I do not want to make too much of the claim that the GOP's political position has become untenable. There are limits to that theory, which Nate Silver discusses in a very informative piece (isn't it interesting that Silver suddenly has fans on the right? A year ago, Silver was under attack from the right for having had the temerity to suggest that Barack Obama would win the presidential election). But as I have (plaintively) mentioned before, wouldn't it have been great if the GOP had avoided shooting itself in both feet, and instead, we had the opportunity to focus on just how incredibly embarrassed the Obama administration and just about every supporter of Obamacare must feel regarding the utterly disastrous rollout of the new health care program?

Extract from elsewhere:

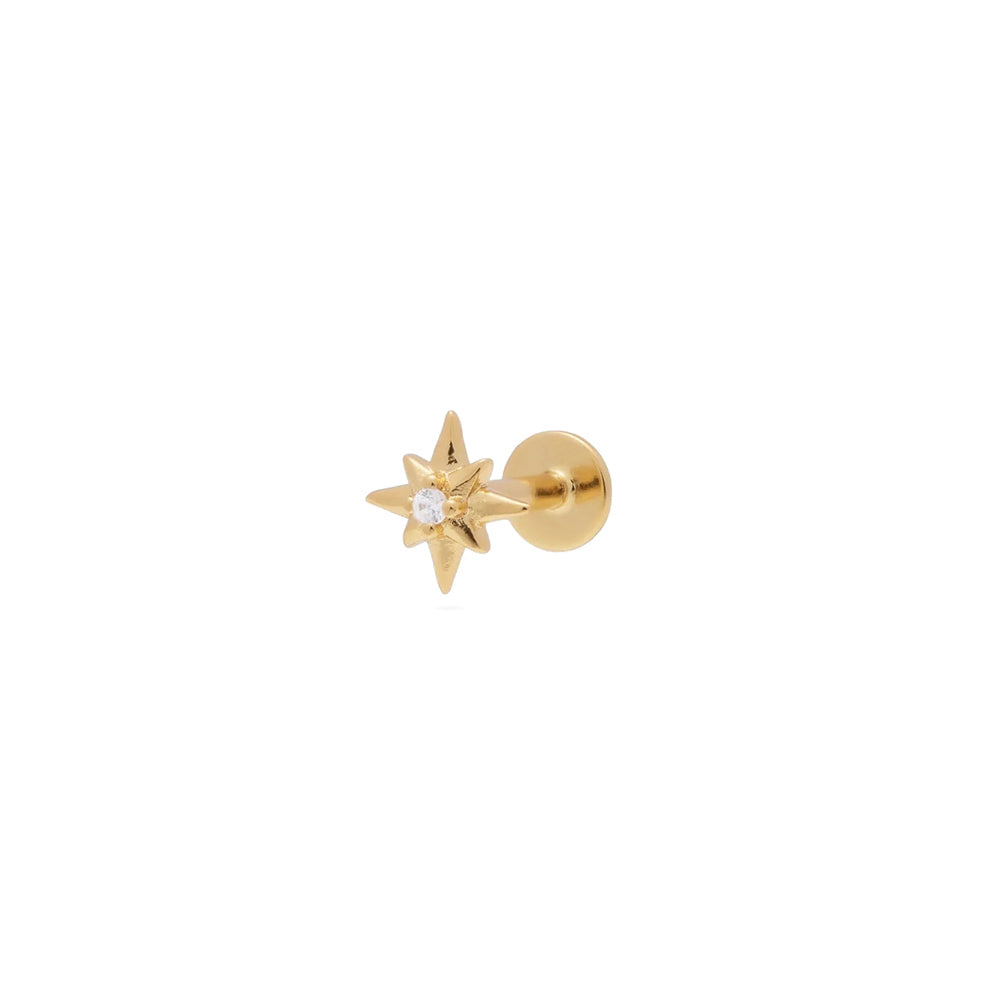 Yellow Gold Plated Flat Back Single Star Earring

Wouldn't it be better for Republican politicians if they could make fun of the Obama administration's admission that we should expect "months" of glitches with the Obamacare registration program?  Wouldn't it be better for Republican politicians to be able to focus on the fact that Obamacare is already giving consumers bad economic choices, or the fact that a former member of the Obama administration is criticizing the president's handling of the shutdown, or the fact that people like Megan McArdle are now pushing for Obamacare to have a drop-dead date for implementation?

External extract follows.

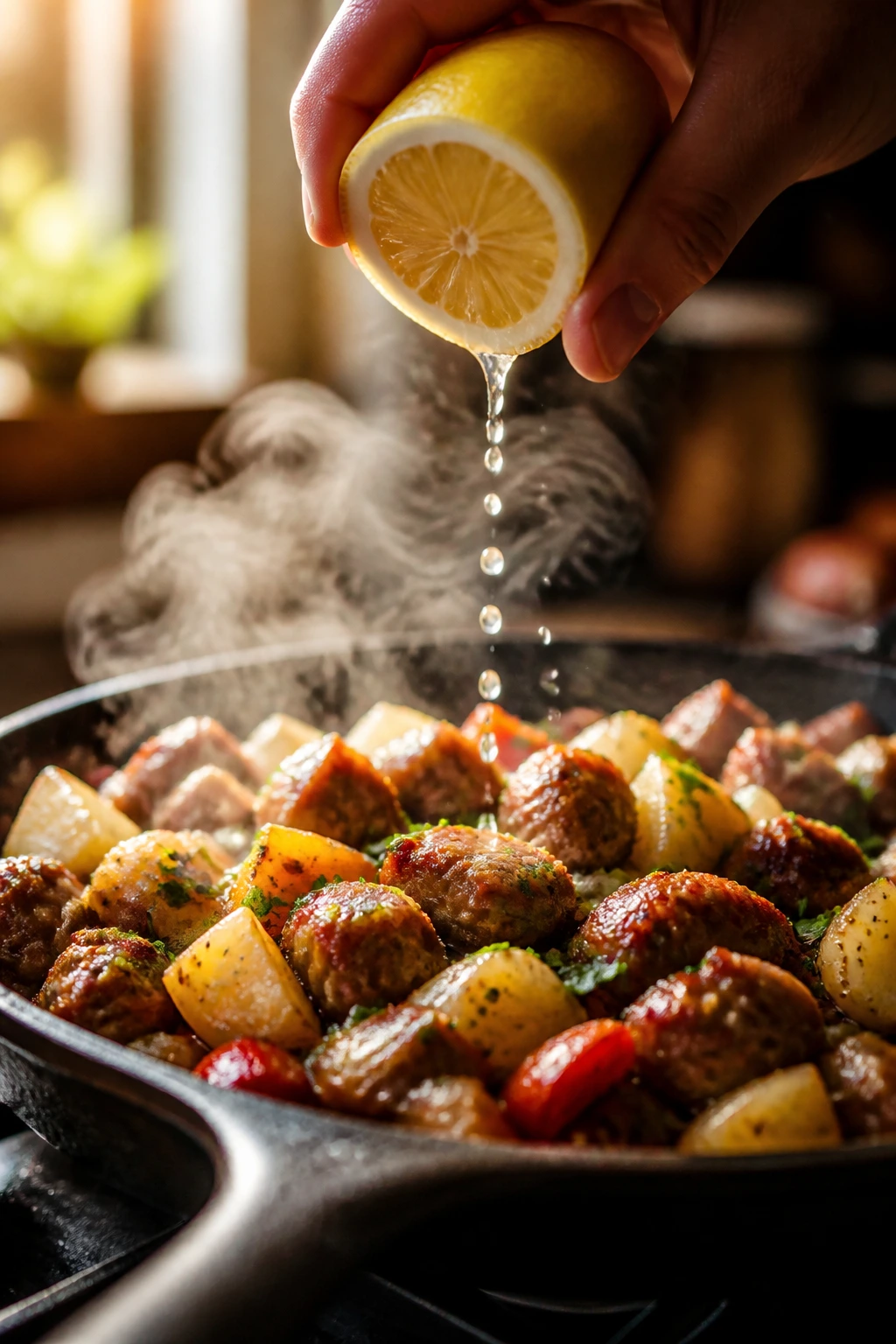 Splash of lemon juice finishing a sausage skillet dish.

Well yes, all of this would be better. But instead, what we have is a war between the establishment and the Tea Party (and yes, because of the way in which the Tea Party botched strategy and tactics for Republicans, I most certainly do have sympathy for the establishment in this fight, and note that the establishment is not made up of Gerald Ford Republicans, but people like former New Hampshire governor John Sununu, who is no one's idea of a moderate or RiNO). Instead, what we have are concerns that the default has already begun, and while I don't think that any evaporated faith in the United States government "will never return," I certainly think that in the short term, this entire dumb fight has caused a lot of damage to the United States government. At the end of the day, Republicans are going to have to give a lot of ground in negotiations in order to allows the government to re-open and in order to prevent any kind of default, and the tragedy is that the upcoming Republican capitulation would never have been necessary if Republicans did not try to demand things from this fight that they were never going to get in the first place.

I have said before that the Republican stance in forcing the government shutdown, in flirting with a debt ceiling default, and in demanding concessions that they never had any realistic chance of getting was political malpractice of the first order, given the way in which Republican bumbles and stumbles took attention off of the failed Obamacare rollout. I see no reason to back away from that statement.